While traveling through Italy, I had my GPS closed, because my nerves were in tense. Once I was opening it, it displayed a message that the memory was out (thus the maps too) and shut itself off. This can be described as a stop every 10 minutes to see my location. I didn’t take any maps of the Italian road network, because I trusted my GPS, which had betrayed me awfully!

Since I was so disappointed from the temperature rise (and the landscape), I was thinking to start heading for Brennero (or Trento) where I had already stayed there last year. The landscape there was a lot better, concerning what I was seeing that moment. Of course, finding my way without my GPS would prove a VERY difficult task, something that was confirmed later. Temperatures, as far as I remember, were lower, since the place was on the foot of the Alps.

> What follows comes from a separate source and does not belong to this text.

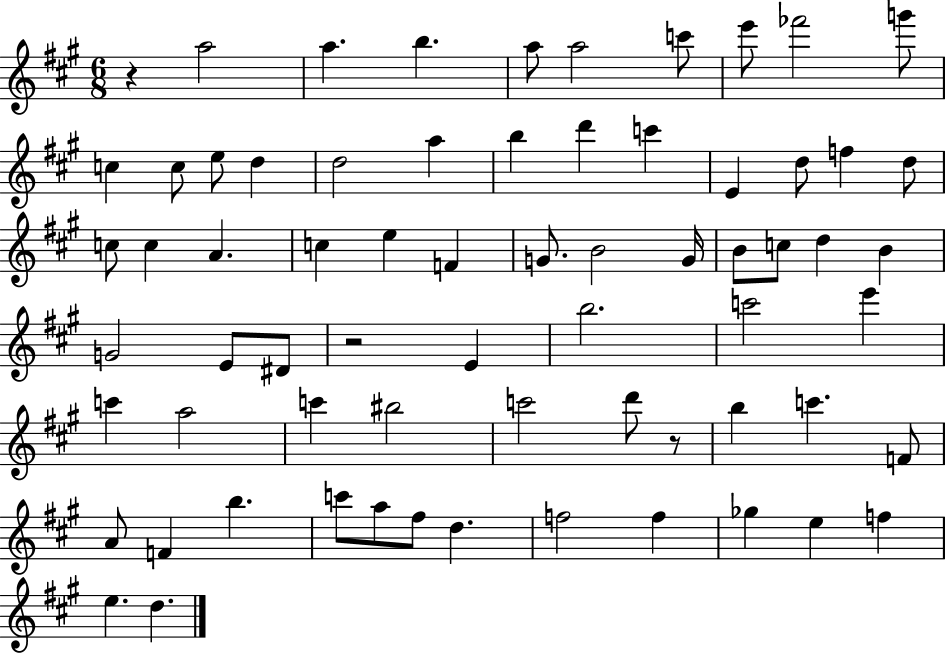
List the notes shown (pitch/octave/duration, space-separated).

R/q A5/h A5/q. B5/q. A5/e A5/h C6/e E6/e FES6/h G6/e C5/q C5/e E5/e D5/q D5/h A5/q B5/q D6/q C6/q E4/q D5/e F5/q D5/e C5/e C5/q A4/q. C5/q E5/q F4/q G4/e. B4/h G4/s B4/e C5/e D5/q B4/q G4/h E4/e D#4/e R/h E4/q B5/h. C6/h E6/q C6/q A5/h C6/q BIS5/h C6/h D6/e R/e B5/q C6/q. F4/e A4/e F4/q B5/q. C6/e A5/e F#5/e D5/q. F5/h F5/q Gb5/q E5/q F5/q E5/q. D5/q.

So I started to drive there. I reached up to Tricesimo to discover that I should get out of the SS13 earlier and then follow SS52 which had a course along the Alps. Time was already 3 in the noon. I decided to stop and eat something. 30 minutes later, I was en route again, driving south. Finally, after 20 kilometers, I found SS52 and followed it. At the second junction I saw a sign pointing right, mentioning “Austria”, something that I took as granted that I was heading on the right way. In front of me I found a German couple, driving an Yamaha FJR, loaded up to the top, both of the wearing t-shirts. I followed them. Once I looked up on the sky, I saw many dark clouds coming towards us. Two minutes later we were starting to taste a few drops of rain, which in a flash, turned to heavy rain. We stopped together at a small tavern with a small shelter, in order not to get (more) wet. While the couple was waiting for the rain to stop, I turned on my GPS, to discover that once again I followed the wrong road and that I should turn left at a junction, 15 kilometers before. Five minutes later, the rain had stopped, so I quickly said goodbye to the couple and headed backwards. Clouds were getting heavier, even at the place that I was heading!

I was looking desperately for a hotel or rooms to stay in the 2 – 3 towns I passed, but all in vain. I couldn’t find anything. Angry and disappointed enough with the whole case (Italy, GPS, landscape, weather etc.) I turned around and headed for Udine, which was 70 kilometers away, or 40 kilometers from Chiusaforte. At 5:30pm I entered the town of Udine. A few minutes of exploration in the city and right after that I was seeking for a room to stay.

I found a hotel, named “Principe Hotel”, near the central bus station, with the price of 55€ (including parking and breakfast). Without having the patience and strength (and with a big disappointment that I ended up to that big town), I decided to settle there. Whilst looking quickly the sky, I saw that the clouds were getting closer to the city. I asked the reception what was going on with the weather and she replied that they were expecting showers a long time now and also the weather station said it would rain a lot.

I went out to for a lunch and around 9:30pm I returned to my hotel. I was watching from my window, the lightings hitting one after the other, somewhere at the Alps. I can really say I have never seen so strong thunders hitting so fast one after the other. “If it starts to rain in the Alps, it never ends”, I thought. The big issue would be what I should do the day after. Should I stay there or should I go to Castelfranco for shopping and settling there? By mentioning shopping, I have heard of a shop there that offered motorcycle clothing at remarkably lower prices! Everything would depend from the next day’s weather. While I was in my room, I decided to take a look at my damn GPS to see why it was not working properly. As I discovered, due to vibrations on the bike, the memory card didn’t made a good electrical contact with the device. Solution was very simple. A thin paper jammed on the upper side of the memory card and the problems were history! So simple… yet so essential!